Friday, September 23, 2016

Kids learn how to stencil on fabric @ Wilton Historical Society

Making use of plentiful, beautiful fall leaves, the Wilton Historical Society is offering a stencil workshop for children ages 6 – 12 on Saturday, October 1 from 11:00 – 12:30.  The children will use fabric paint, a brayer and fall leaves to stencil autumnal patterns on cotton dish towels made of flour sack cloth.  



While they are busy with their paints and leaves, they will learn about how thrifty New England families were the original recyclers, re-using feedsacks and flour sacks for everything from dishrags to dresses.
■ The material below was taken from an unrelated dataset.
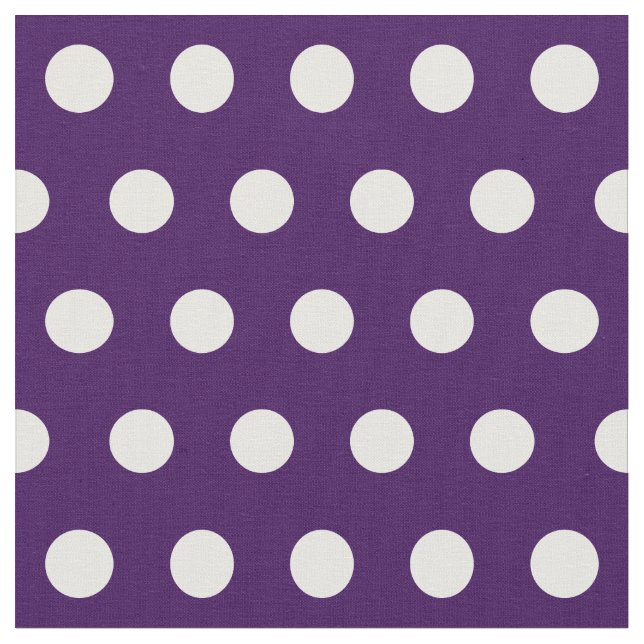 Customise your own polka dots pattern in purple fabric (Close Up)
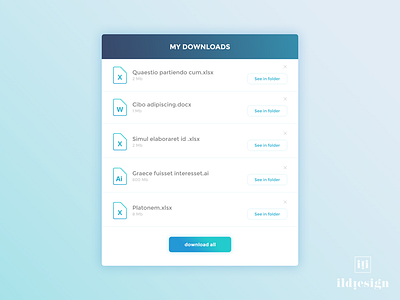 Downloads UI Design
Kids help make their snack – cookies in the shape of leaves.

Wilton Historical Society Members $10 per child, maximum $25 per family; Non-members $15 per child, maximum $35 per family.  Please register: info@wiltonhistorical.org or call 203-762-7257.  Wilton Historical Society, 224 Danbury Road, Wilton, CT 06897

Did you know?
While clothing and quilts made from feed sacks bring to mind images of the hardship and frugality that characterized the Great Depression, in fact, feed sacks became popular as sewing material because of clever marketing on the part of feed and flour sack manufacturers.
Cotton sacks for storing and selling goods gradually replaced wooden barrels and metal tins between 1840 and 1890 because they were less expensive and easier to transport. Initially, these feed sacks (or “feed bags”) were made from heavy canvas, which farmers stamped with their brands and then reused. This changed in the late 1890s, when the textile mills of New England began weaving inexpensive cotton fabric for feed sacks. Women quickly recognized that these new cotton feed sacks could be reused as linens, towels and quilting material.
Once the feed sack manufacturers realized that women were reusing the cotton sacks as sewing material (and that women were starting to do most of the shopping), they saw an opportunity to promote their products by packaging them in colorful sacks. Around 1925, colorful prints for making dresses, aprons, shirts, and children’s clothing began to appear in stores. By the late 1930s, there were heated competitions between manufacturers to produce the most attractive designs. Manufacturers hired artists to design the prints, and some sacks even had preprinted patterns for appliqué and quilt squares.  -- From the Southeast Ohio History Center

And
If you are intrigued about flour sacks, you may wish to check out the FlourWorld Museum in WIttenburg, Germany at  www.flour-art-museum.de/english/collection/index.html, plus the Gallery of Flour Sacks in Ahrensburg at www.art-and-flour.de/english/museum.html.